Beroep tegen administratieve sanctie en proceskostenvergoeding in verkeerszaken

In deze zaak heeft de kantonrechter van de Rechtbank Den Haag op 11 november 2021 uitspraak gedaan in een beroep tegen een administratieve sanctie die aan betrokkene was opgelegd. De gemachtigde, mr. N.G.A. Voorbach van Verkeersboete.nl, heeft namens betrokkene beroep ingesteld bij de officier van justitie, die de sanctie heeft vernietigd en de proceskosten heeft toegewezen tot een bedrag van € 590,65. De gemachtigde heeft vervolgens beroep ingesteld tegen deze beslissing bij de kantonrechter.
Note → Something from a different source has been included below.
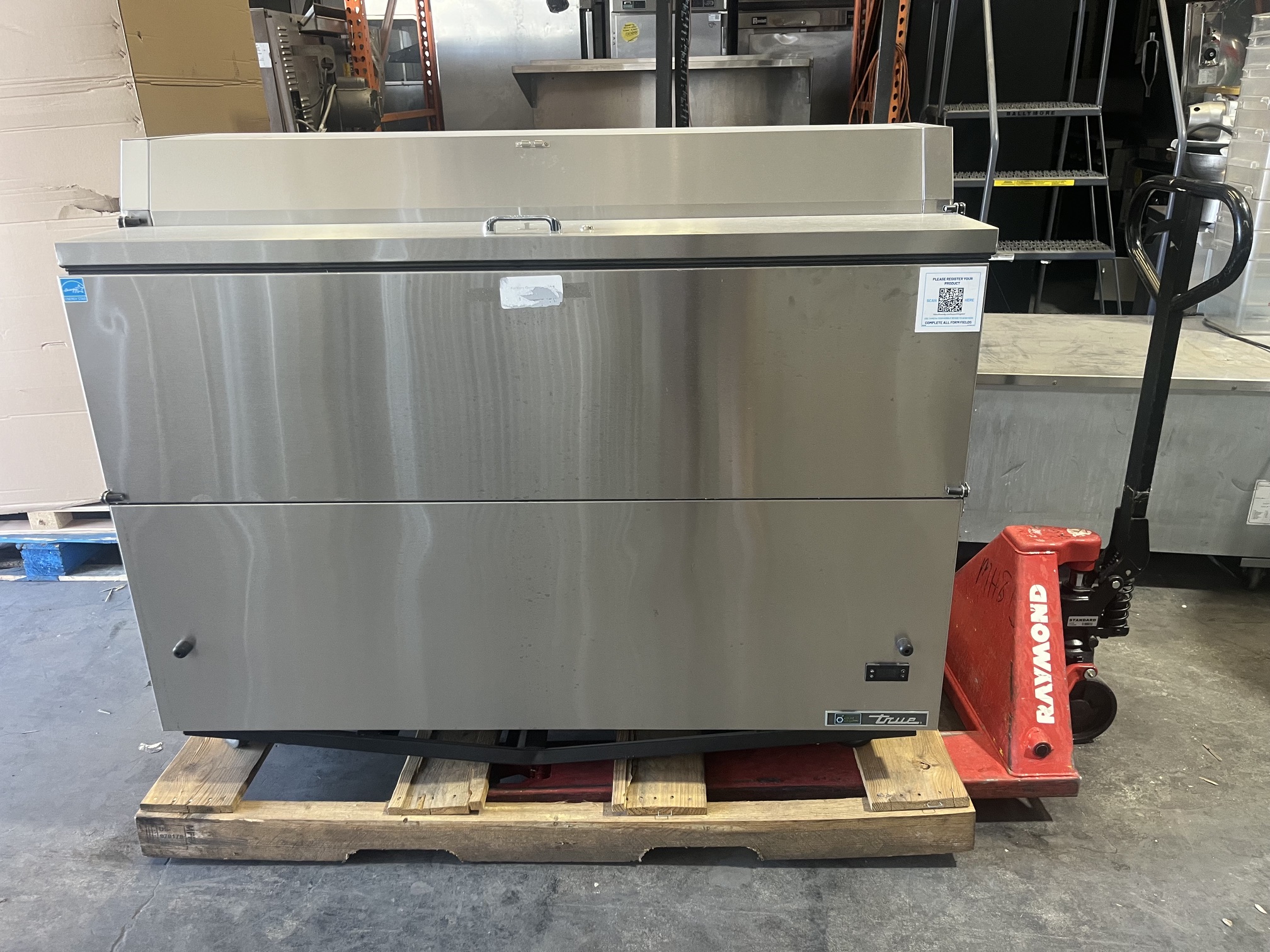 Rear view of brand-new True TMC-58-S-HC 58-inch milk cooler on pallet showing stainless steel exterior and True logo badge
De procedure is eerder behandeld op 12 augustus 2021, waarbij de gemachtigde de gelegenheid kreeg om aanvullende gronden in te dienen. Tijdens de zitting op 28 oktober 2021 heeft de gemachtigde zijn standpunt toegelicht, terwijl een vertegenwoordiger van de officier van justitie aanwezig was. De gemachtigde betwistte dat er sprake was van samenhangende zaken en vroeg om een hogere proceskostenvergoeding.

De kantonrechter heeft overwogen dat de officier van justitie niet voldoende onderbouwing heeft gegeven voor de stelling dat er sprake is van samenhangende zaken. De kantonrechter concludeert dat de beroepen bij de officier van justitie op verschillende momenten zijn ingediend en dat de werkzaamheden van de gemachtigde in de verschillende zaken niet nagenoeg identiek zijn geweest. Daarom heeft de kantonrechter het beroep gegrond verklaard, de beslissing van de officier van justitie vernietigd en de officier van justitie veroordeeld tot het vergoeden van de proceskosten van betrokkene tot een bedrag van € 3.445,50.
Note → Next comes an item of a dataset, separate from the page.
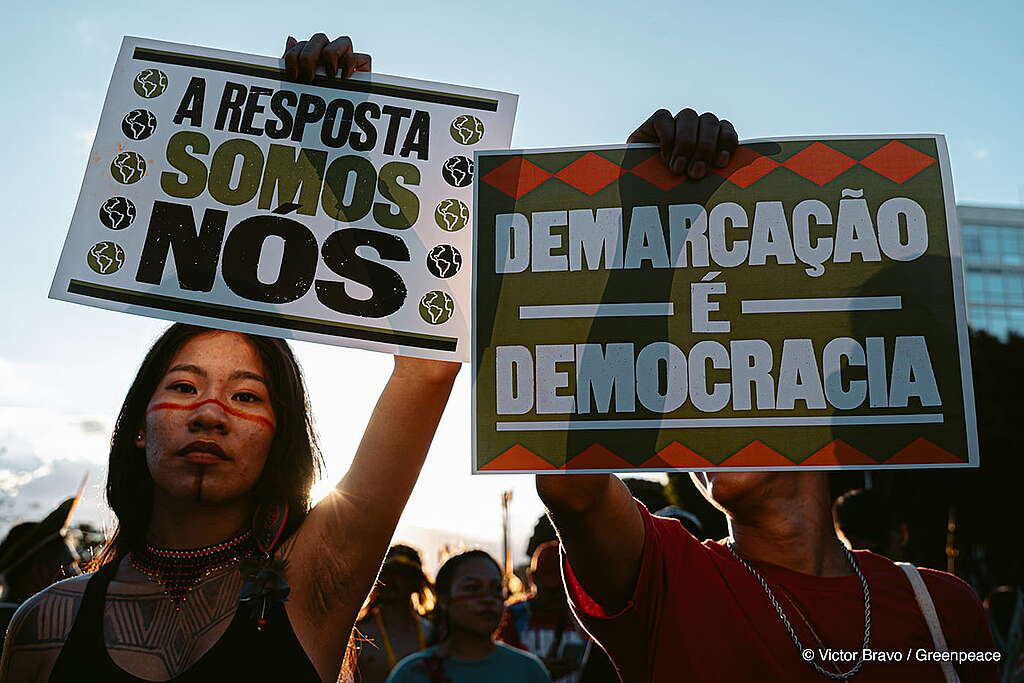 Duas mulheres indígenas com semblante sério segurando duas placas escritas: "A resposta somos nós" e "Demarcação é Democracia". Elas participaram da Marcha no Acampamento Terra Livre, em Brasília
De uitspraak benadrukt het belang van een zorgvuldige onderbouwing bij claims van samenhangende zaken en de noodzaak voor de officier van justitie om duidelijk aan te tonen dat de zaken daadwerkelijk samenhangen. De kantonrechter heeft ook bepaald dat hetgeen door betrokkene als zekerheid is gesteld, door de officier van justitie moet worden gerestitueerd.

Uitspraak

Rechtbank DEN HAAG

Zittingsplaats ’s-Gravenhage
CJIB-nummer: [CJIB-nummer]
Registratienummer team straf: 9115386 \ MB VERZ 21-329
Uitspraakdatum : 11 november 2021
Beslissing van de kantonrechter, tevens houdende het opgemaakte proces-verbaal van de zitting
in de zaak van
[belanghebbende]
wonende dan wel gevestigd te: [adres]
, nader ook te noemen: betrokkene.
Gemachtigde: mr. N.G.A. Voorbach van Verkeersboete.nl

Het verloop van de procedure

Aan betrokkene is een administratieve sanctie opgelegd. De gemachtigde heeft namens betrokkene daartegen beroep ingesteld bij de officier van justitie. De officier van justitie heeft de beschikking waarbij de sanctie is opgelegd, vernietigd en het verzoek van de gemachtigde tot vergoeding van de proceskosten toegewezen tot een bedrag van € 590,65, omdat volgens de officier van justitie sprake is van samenhangende zaken.
Tegen deze beslissing is door gemachtigde beroep ingesteld bij de kantonrechter.
De zaak is reeds eerder behandeld ter zitting van 12 augustus 2021. De zaak is destijds aangehouden teneinde de gemachtigde in de gelegenheid te stellen aanvullende gronden in te dienen. De inhoud van het proces-verbaal van die zitting dient als herhaald en ingelast te worden beschouwd.
De kantonrechter heeft partijen in de gelegenheid gesteld om op de zitting van 28 oktober 2021 de standpunten nader toe te lichten. De gemachtigde is verschenen. Namens de officier van justitie is een zittingsvertegenwoordiger verschenen.

Overwegingen

Gemachtigde heeft bij brief, d.d. 28 september 2021, aanvullende gronden ingediend en heeft – kort samengevat - aangevoerd dat:
  • de officier van justitie niet heeft gemotiveerd waarom sprake is van samenhangende zaken;
  • de beroepschriften op verschillende data zijn ingediend;
  • de hoorzittingen op verschillende data hebben plaatsgevonden;
  • de 15 zaken inhoudelijk (sterk) afwijkende verweren kennen;
  • de toelichting van betrokkenen (sterk) afwijkend is;
  • geen aanleiding bestaat om voor het telefonisch horen een half punt toe te kennen
Gemachtigde betwist dat sprake is van samenhangende zaken en meent dat een hogere proceskostenvergoeding dient te worden toegekend.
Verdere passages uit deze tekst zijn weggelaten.